**Exercise**
Produce a word-for-word copy of the line that contains "Was that switch" and each line after it through the end of the material, omitting pictures and all other lines.

**Dataset excerpt**
□ □ □ □ □ □ □

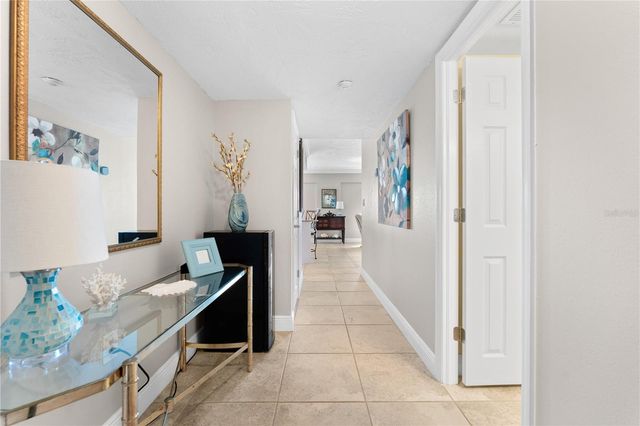 1700 BENJAMIN FRANKLIN DRIVE 10F, Sarasota, FL 34236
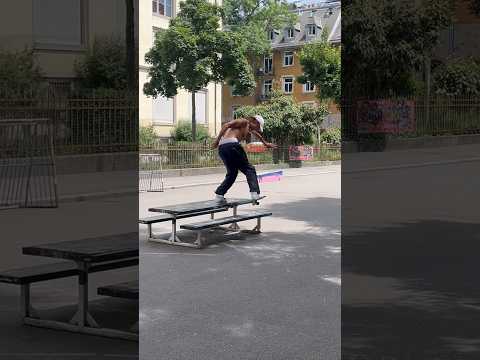 Was that switch or regular? #pizzaskateboards #skatepark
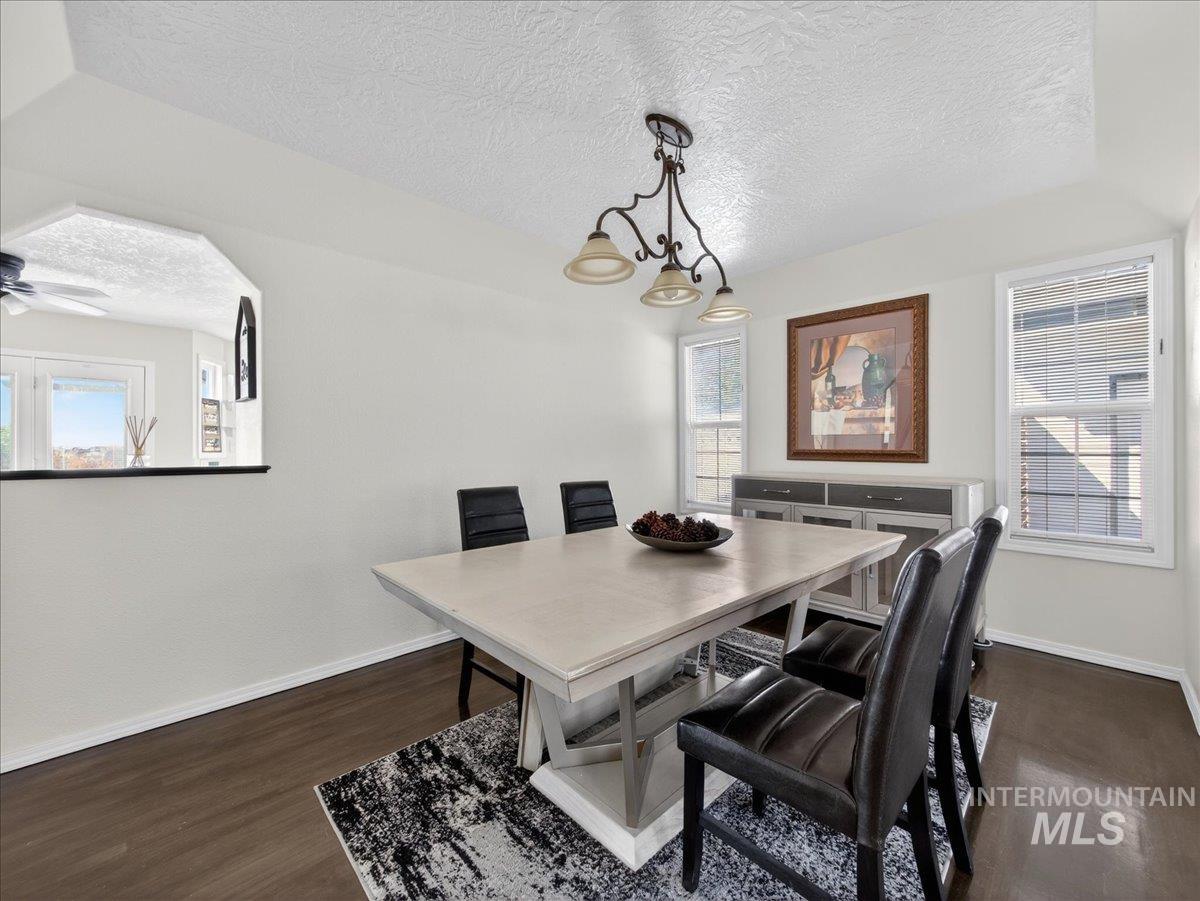 398 N Pebble Beach Way, Eagle, Idaho 83616, 4 Bedrooms, 2.5 Bathrooms, Residential For Sale, Price $625,000, 98972242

□ □ □ □ □ □ □

**Solution below**
 Was that switch or regular? #pizzaskateboards #skatepark
 398 N Pebble Beach Way, Eagle, Idaho 83616, 4 Bedrooms, 2.5 Bathrooms, Residential For Sale, Price $625,000, 98972242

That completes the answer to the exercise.